As the white population increased in the eastern part of the United States in the early 1800s, the demand for land also grew. The land occupied by many of the eastern Indian tribes became too valuable to white settlers and businessmen to remain in the Indians' possession. In 1825, the United States government negotiated treaties with the Osage and Kansa Indians. They gave up much of their land to resettle many Indian tribes living in the northeast and the upper Mississippi Valley region in Kansas.
The Indian Removal Act was passed in 1830 and forced all Indian Nations living east of the Mississippi River to move to areas west of Missouri and Arkansas. This removal of Indians from the east caused great hardship for the emigrant tribes. Many Indians died on the trip. Once they arrived, the Indians found land that was very different from their original lands east of the Mississippi.
Map of Indian Reservations in Kansas - 1846
The United States government attempted to civilize the Indians by having them attend Christian schools, such as the Shawnee Methodist Mission and the Kaw Methodist Mission. These Indian missions were generally not well received by the Indian tribes. Many Indians felt that the teachings at the missions were contrary to traditional Indian beliefs.

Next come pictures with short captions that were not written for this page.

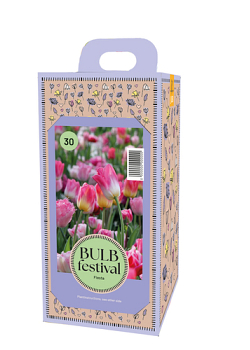 X 1 DOOS 30 BULB FESTIVAL FIESTA I
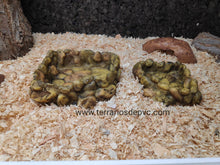 Cargar imagen en el visor de la galería, Bebedero Exo-Terra CORNER (6748941779143)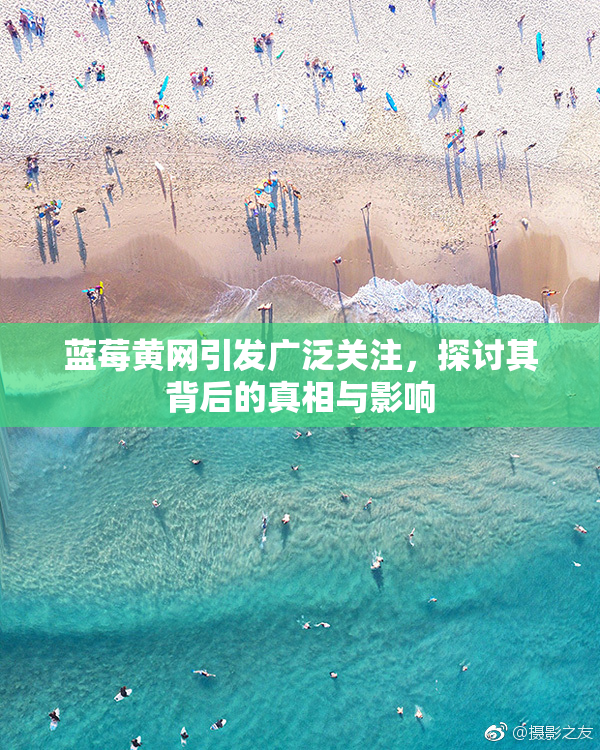 蓝莓黄网引发广泛关注，探讨其背后的真相与影响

Some white men who came west, such as Jotham Meeker, truly believed he had the Indians well being at heart by converting them to Christianity. Others who followed would not be so concerned about the Indians, and only hoped to make money from the land. They found the presence of Indians to be a hindrance to the development of commerce in Kansas. As a result, it would not be long before the Indians would be forced to move once again to Indian Territory in Oklahoma.